Interested in your fellow audience members instead of the actors? Outrageous! The evening I saw the performance, one woman seemed almost hostile and offended by the nontraditional premise (though she may have warmed to it by the end). As your ears pick up on the whispering of Cecily (Kelly A. Jennings) and Gwendolyn (Karen Getz), circling round the perimeters of the theater, loopily costumed in Victorian crinolines, you begin to realize – they are talking about you. Get ready. Actual interaction can’t be far behind.

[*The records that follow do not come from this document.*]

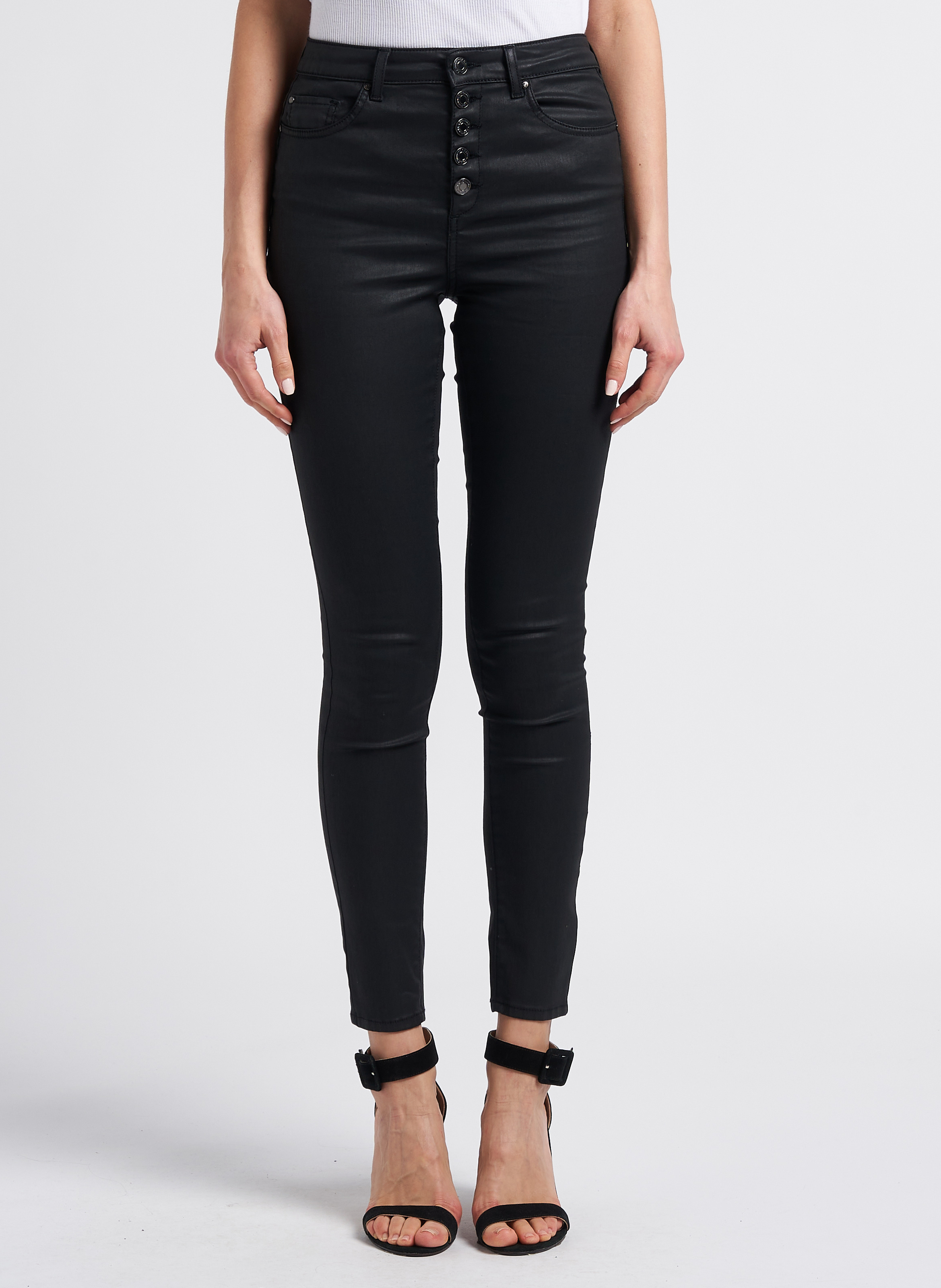 High-rise glazed cotton-blend skinny jeans IKKS Black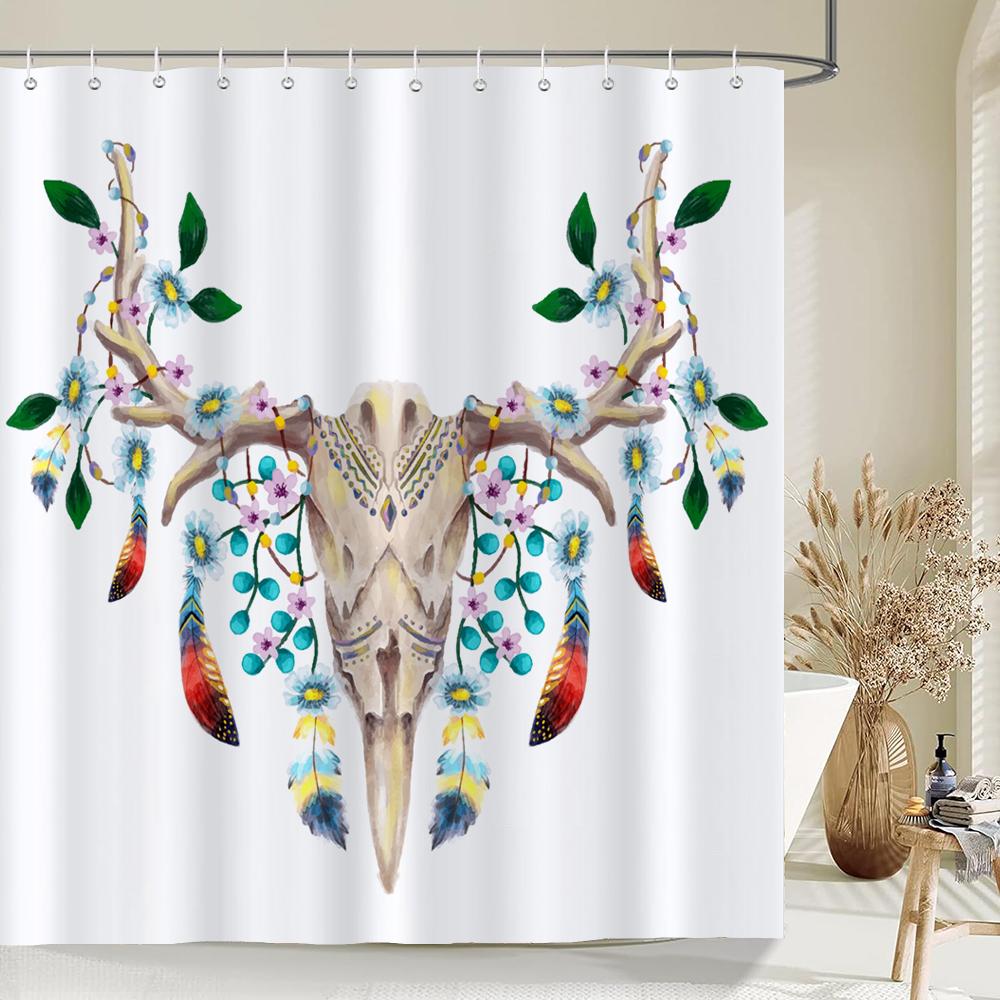 

Colorful Feather Bathroom Shower Curtain Bohemia Waterproof Polyester Bath Curtains High Quality 3D Printed Bathroom Screen W60H190(CM)-1 Pcs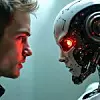 man face to face to humanoid ai robot , human vs artificial intelligence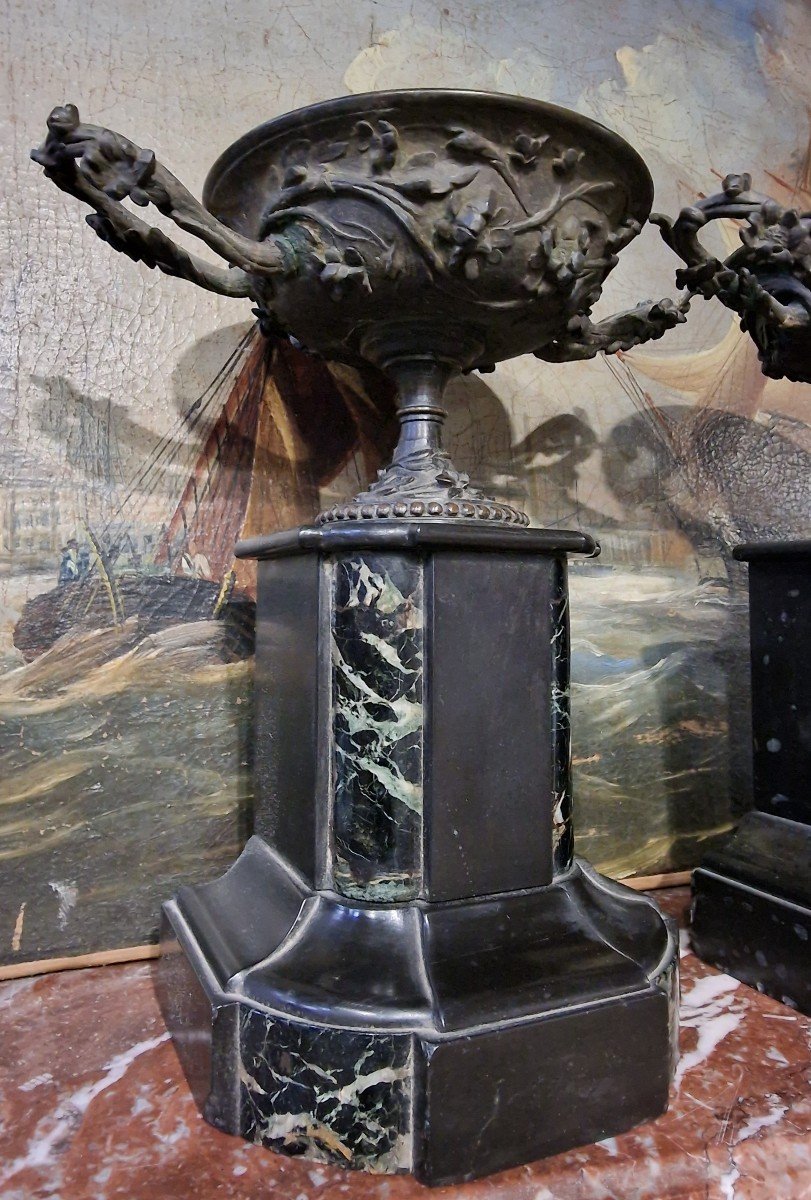 Paire De Cassolettes Napoléon III En Bronze Et Marbre St. Barbedienne -photo-4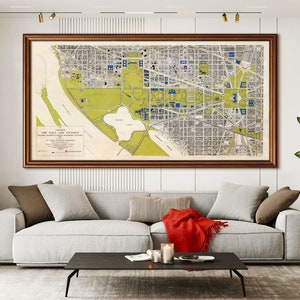 Washington DC kaart 1917, grote vintage kaart van National Mall in 5 maten tot 80x40″ (200x100cm) met Witte Huis, Capitol enz. in BLAUW of ROOD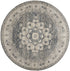 8' Grey And Ivory Round Oriental Power Loom Non Skid Area Rug
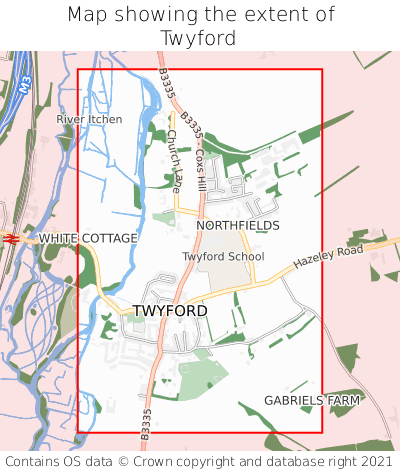 Map showing extent of Twyford as bounding box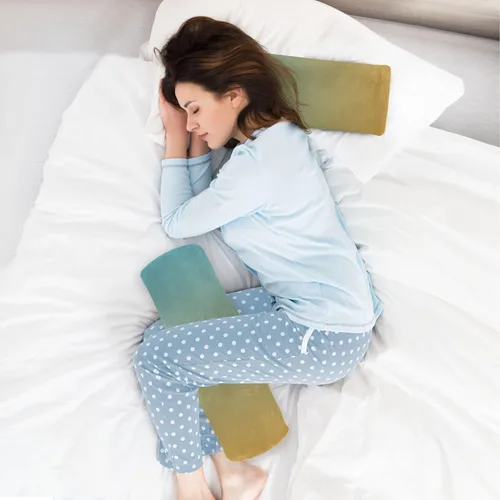 Vista 6 de Almohada cervical para el cuello con degradado azul y amarillo, almohada cervical con funda extraíble lavable, almohadas de cuello de espuma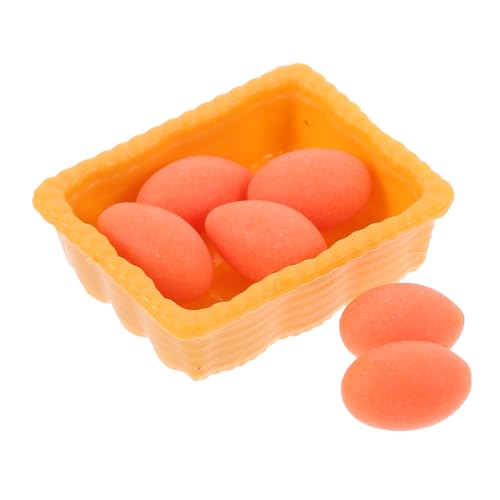 Toddmomy 1 Satz Box -Eiermodell Mini-Eier-Dekore Mini- -Requisiten Mini-Korb-Modell Miniaturkorb und Eier Mini-Hausbedarf Miniatur-Ei- Mini-Ornament Harz Orange von Toddmomy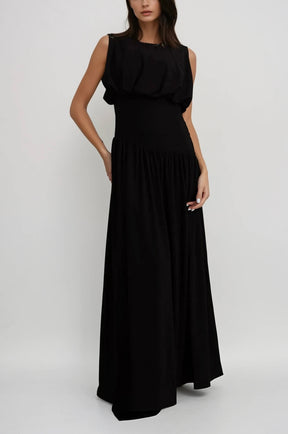 Élodie Drape Waist Crepe Gown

Long-form improv can be an incredible art. Jennings and Getz have got the requirements in abundance – with fearless intelligence and lightning quick reactions they mold the action into an intriguing hour, making random connections between people seem like cohesive observations about life. Well, they are. Each performance will be different (though I suspect there will always be at least one person unwilling to engage), depending on the mix of audience members, their backgrounds, and their willingness to share. Though the construct – two Victorian time travelers discovering 21st century culture – remains constant, no two experiences will be the same. Expect to be peppered with questions about your life and beliefs, take notes, perform even – give yourself over to it, and at the end you’ll find your mind open to those philosophical queries that both enchant and provoke. Why are we here? Are we connected? What’s life all about?
The minor flaw in this improv diamond is the location, a traditional theater inside the Mount Vernon United Methodist Church. I would’ve loved to have seen this – I mean, participated in this – in a less restrictive environment, perhaps in the round in a more intimate space, or even mingling around the Gypsy Bar itself. But Jennings and Getz’s theatrical experiment transcends the confines to continue in your mind after the show itself (it really is a balloon ride!). I left filled with the desire to continue the conversation, to talk til sunrise with friends and strangers, high on connections and the knowledge that other people can be just as fascinating as any performance.
We’re all performing in a long-form improv, after all.